The Art of Biography

When my father passed away in 2010, he was about halfway through writing a memoir. I found the fragments on his old, failing PC hard drive, which miraculously survived just long enough for me to copy the files before it too blinked out of existence. Ironically, the documents concerned his attempts to deal with the death of his own father in the early 70s, and told the story of a trip he’d made to the Greek islands to claim a small plot of land that Granddad had left behind.

I decided to do him one last favor, so I cleaned up the text and sent what he’d written to a print-on-demand publishing service, intending to give a few copies away to family members. It wasn’t until I had the physical book in my hands that it really struck home – that memoir was all I really had left of my father. He didn’t leave behind many photos; his personal possessions didn’t say much about who he was or how he lived. When I thought back on what I knew about his life, I realized I wasn’t particularly clear about the details; I had a handful of anecdotes that I might be able to pass on to my own children, and that was it. Without a book, Dad’s life story would have eventually vanished. Now, at least, I have something to pass on down to future generations – and I even got it translated into Vietnamesechrome_2017-08-11_20-49-12.jpg

It’s this sentiment that I find quite compelling when it comes to biography as a form of writing. If you consider the billions of lives that were lived before ours – the lives of our people, of our ancestors, each of them unique, each of them the story of one human soul set against the backdrop of a certain time and a certain place – each of those men and women once looked out at the world just as we do now; they breathed as we do, thought as we do, hoped as we do. They died, just as we will. The things they did with their lives still influence us today, but in most cases we simply don’t know who they were. Of all those hundreds of millions of stories, the vast majority were never written down, and so almost all of them are now completely gone.

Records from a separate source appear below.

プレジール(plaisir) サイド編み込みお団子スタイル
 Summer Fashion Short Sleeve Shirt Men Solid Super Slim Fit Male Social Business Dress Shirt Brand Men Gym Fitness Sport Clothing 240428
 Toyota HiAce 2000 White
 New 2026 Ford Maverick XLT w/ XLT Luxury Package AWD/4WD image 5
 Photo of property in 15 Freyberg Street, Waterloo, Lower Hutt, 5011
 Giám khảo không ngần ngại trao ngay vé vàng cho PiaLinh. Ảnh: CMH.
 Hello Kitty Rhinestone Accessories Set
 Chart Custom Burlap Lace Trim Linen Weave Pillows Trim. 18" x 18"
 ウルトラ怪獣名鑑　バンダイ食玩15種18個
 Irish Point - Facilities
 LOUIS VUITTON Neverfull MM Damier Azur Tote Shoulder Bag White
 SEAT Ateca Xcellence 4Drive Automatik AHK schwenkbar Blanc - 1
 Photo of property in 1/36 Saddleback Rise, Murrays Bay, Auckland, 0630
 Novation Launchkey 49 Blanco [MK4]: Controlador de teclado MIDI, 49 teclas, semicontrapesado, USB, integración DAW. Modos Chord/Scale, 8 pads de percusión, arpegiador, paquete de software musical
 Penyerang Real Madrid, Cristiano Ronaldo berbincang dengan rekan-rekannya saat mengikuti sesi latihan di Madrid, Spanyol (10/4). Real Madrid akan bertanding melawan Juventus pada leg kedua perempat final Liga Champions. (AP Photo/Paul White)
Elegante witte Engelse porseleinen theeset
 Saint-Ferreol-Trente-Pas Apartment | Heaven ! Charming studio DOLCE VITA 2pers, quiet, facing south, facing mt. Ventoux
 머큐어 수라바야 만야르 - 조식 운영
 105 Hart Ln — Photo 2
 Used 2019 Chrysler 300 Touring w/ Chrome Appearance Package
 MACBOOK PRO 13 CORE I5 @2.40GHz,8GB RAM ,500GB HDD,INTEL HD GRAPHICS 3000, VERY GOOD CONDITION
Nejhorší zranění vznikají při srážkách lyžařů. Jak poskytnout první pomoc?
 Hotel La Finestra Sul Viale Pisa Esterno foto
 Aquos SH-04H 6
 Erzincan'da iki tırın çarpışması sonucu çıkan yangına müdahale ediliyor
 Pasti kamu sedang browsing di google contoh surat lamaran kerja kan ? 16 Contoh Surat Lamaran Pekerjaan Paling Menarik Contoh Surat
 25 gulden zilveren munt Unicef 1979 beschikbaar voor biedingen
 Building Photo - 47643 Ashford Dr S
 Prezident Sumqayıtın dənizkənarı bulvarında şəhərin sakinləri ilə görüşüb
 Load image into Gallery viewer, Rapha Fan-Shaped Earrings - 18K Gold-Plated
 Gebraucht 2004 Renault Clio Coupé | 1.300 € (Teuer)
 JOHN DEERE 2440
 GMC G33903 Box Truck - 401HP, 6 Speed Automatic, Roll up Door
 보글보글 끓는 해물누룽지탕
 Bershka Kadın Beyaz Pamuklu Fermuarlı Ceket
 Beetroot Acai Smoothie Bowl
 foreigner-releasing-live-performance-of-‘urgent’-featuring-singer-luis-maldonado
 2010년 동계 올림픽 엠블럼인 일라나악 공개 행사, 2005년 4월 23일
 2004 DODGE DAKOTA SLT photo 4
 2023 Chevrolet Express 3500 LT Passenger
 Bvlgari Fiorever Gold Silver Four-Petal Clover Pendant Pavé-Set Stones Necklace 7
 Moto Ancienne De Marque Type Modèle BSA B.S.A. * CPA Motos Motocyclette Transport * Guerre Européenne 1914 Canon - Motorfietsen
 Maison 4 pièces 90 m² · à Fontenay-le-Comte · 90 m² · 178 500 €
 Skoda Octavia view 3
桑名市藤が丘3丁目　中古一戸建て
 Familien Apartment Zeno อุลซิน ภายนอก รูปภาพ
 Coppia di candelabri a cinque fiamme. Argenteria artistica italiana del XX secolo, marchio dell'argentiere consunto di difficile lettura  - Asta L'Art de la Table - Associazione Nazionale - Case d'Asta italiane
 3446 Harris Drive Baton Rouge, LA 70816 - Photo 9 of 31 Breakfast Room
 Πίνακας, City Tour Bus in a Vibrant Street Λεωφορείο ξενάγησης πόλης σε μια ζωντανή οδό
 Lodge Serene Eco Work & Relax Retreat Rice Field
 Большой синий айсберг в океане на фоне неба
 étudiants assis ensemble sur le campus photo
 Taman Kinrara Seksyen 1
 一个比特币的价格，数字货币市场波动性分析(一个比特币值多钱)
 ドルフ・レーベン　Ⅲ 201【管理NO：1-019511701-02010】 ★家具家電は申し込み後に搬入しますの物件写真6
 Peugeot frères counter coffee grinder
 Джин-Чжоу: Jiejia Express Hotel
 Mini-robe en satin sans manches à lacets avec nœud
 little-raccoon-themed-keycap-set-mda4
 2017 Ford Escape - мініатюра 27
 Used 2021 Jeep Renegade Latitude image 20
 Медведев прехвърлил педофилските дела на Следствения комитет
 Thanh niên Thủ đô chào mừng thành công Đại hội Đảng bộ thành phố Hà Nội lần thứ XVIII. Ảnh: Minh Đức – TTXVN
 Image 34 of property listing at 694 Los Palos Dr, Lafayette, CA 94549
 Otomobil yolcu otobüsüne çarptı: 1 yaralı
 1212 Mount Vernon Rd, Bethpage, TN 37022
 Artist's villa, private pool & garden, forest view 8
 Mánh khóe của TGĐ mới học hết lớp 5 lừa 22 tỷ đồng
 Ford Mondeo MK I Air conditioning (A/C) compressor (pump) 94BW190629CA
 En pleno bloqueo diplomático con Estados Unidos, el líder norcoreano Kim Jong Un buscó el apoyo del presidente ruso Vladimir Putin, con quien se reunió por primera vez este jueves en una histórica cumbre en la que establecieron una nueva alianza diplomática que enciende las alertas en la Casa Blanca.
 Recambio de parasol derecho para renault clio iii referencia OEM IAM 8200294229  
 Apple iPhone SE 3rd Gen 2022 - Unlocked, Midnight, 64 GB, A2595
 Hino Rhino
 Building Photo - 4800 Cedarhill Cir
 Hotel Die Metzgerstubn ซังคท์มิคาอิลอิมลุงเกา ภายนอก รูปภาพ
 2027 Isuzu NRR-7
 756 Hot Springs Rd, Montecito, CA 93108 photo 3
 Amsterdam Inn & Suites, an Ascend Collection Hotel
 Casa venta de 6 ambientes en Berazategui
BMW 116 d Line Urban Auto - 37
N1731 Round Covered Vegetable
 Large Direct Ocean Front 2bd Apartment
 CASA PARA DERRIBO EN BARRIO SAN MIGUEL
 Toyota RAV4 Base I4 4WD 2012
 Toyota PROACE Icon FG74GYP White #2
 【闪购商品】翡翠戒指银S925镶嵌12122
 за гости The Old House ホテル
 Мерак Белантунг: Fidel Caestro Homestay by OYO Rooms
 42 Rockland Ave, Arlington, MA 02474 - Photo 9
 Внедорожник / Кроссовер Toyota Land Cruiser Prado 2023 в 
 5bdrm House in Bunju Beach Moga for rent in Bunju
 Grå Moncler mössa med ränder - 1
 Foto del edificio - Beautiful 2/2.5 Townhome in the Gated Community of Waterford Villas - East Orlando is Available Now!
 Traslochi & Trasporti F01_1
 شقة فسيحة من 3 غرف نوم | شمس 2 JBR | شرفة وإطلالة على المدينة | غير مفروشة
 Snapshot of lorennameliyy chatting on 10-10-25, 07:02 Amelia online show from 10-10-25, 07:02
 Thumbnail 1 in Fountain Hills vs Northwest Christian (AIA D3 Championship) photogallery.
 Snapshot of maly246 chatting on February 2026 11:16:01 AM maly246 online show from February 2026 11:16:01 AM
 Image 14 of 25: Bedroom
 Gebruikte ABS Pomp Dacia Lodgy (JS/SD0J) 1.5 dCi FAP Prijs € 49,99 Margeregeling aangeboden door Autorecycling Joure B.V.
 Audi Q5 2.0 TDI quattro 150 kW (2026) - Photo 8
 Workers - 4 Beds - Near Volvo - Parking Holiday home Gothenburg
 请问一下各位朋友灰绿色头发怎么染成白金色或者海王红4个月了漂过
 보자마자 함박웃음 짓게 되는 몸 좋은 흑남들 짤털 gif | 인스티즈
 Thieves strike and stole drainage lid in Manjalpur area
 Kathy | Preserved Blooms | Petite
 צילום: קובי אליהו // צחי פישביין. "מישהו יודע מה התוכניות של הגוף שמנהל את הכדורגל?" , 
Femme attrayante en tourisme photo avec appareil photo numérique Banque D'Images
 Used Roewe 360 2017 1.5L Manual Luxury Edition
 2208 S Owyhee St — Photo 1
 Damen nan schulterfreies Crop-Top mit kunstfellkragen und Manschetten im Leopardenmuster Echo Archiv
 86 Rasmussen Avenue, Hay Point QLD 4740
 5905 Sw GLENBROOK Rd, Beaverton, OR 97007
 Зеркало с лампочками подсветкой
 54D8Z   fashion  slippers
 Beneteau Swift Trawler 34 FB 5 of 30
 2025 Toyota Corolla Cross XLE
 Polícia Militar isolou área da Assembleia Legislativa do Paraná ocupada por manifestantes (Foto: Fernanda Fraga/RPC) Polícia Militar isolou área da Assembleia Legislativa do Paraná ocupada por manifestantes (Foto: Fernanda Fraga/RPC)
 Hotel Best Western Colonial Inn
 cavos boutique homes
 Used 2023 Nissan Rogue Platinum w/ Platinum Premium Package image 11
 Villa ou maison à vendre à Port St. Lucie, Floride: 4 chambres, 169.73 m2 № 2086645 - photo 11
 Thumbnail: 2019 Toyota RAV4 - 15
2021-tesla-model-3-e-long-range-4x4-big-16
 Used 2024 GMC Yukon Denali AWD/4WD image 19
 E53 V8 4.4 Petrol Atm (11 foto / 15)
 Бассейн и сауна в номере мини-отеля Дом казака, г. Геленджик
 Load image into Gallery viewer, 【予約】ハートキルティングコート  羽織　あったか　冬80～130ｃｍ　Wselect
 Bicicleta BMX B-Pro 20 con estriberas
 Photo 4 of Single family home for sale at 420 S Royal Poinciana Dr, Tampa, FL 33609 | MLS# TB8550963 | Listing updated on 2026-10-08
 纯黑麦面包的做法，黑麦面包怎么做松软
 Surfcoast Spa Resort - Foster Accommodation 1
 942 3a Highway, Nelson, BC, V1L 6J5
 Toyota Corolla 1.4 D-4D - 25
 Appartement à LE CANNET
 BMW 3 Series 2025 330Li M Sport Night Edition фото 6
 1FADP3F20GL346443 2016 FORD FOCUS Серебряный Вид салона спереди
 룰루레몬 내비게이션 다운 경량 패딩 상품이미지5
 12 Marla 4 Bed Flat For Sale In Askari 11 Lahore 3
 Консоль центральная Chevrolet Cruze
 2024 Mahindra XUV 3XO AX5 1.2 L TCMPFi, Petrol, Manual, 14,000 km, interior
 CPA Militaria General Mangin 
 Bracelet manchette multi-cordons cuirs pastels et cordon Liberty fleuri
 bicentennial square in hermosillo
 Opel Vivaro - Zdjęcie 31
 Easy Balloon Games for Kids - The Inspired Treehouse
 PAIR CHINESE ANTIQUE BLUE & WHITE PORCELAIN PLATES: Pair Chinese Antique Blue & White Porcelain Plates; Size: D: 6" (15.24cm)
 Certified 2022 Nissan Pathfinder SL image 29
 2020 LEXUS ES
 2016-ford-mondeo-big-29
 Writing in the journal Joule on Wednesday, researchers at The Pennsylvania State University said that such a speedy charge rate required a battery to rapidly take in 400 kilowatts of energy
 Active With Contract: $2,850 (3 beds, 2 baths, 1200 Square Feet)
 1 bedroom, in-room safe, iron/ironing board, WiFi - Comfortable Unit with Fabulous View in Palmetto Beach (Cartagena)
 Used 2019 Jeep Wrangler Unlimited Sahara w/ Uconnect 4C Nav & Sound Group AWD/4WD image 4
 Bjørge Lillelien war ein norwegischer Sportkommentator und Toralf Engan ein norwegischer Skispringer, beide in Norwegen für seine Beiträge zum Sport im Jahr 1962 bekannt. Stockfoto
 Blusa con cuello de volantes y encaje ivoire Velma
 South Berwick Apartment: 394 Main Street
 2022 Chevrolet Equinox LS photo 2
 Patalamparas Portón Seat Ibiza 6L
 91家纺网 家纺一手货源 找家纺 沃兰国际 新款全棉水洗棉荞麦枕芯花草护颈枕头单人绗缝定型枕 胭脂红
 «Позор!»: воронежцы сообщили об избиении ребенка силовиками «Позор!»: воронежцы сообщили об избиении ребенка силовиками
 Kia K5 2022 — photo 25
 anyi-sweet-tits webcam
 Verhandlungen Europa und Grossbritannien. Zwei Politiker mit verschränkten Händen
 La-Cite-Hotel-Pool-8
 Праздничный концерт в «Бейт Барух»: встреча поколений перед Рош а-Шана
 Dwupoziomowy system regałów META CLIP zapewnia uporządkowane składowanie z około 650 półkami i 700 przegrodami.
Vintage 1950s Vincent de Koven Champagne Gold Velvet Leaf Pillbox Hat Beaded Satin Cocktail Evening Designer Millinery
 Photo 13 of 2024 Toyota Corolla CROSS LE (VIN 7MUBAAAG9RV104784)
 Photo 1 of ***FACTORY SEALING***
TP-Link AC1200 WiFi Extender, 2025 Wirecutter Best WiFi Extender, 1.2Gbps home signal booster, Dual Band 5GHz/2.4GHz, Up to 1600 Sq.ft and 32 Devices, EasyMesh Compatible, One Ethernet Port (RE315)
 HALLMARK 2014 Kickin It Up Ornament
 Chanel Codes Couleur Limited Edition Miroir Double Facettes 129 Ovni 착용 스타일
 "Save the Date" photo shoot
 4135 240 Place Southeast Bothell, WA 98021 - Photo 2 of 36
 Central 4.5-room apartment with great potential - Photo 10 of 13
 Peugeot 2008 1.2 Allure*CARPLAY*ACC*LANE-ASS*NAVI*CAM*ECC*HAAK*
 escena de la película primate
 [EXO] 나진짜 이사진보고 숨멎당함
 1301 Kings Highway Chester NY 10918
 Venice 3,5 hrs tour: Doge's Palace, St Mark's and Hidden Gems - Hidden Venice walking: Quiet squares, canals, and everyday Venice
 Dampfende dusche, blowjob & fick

Creating a legacy, of course, isn’t the only reason why people put their life story on paper. A biography can be a game-changer for someone trying to boost their credibility in a certain field – political candidates have them written before an election campaign, while entrepreneurs find them invaluable self-promotional tools to secure speaking engagements, fresh business, and media interviews. For celebrities, biographies are immediate best-sellers in almost every case, for the simple reason that the nature of fame itself is to have an admiring audience at the ready, eager to know more. In their case, the marketing work for a book as merchandise is largely already done.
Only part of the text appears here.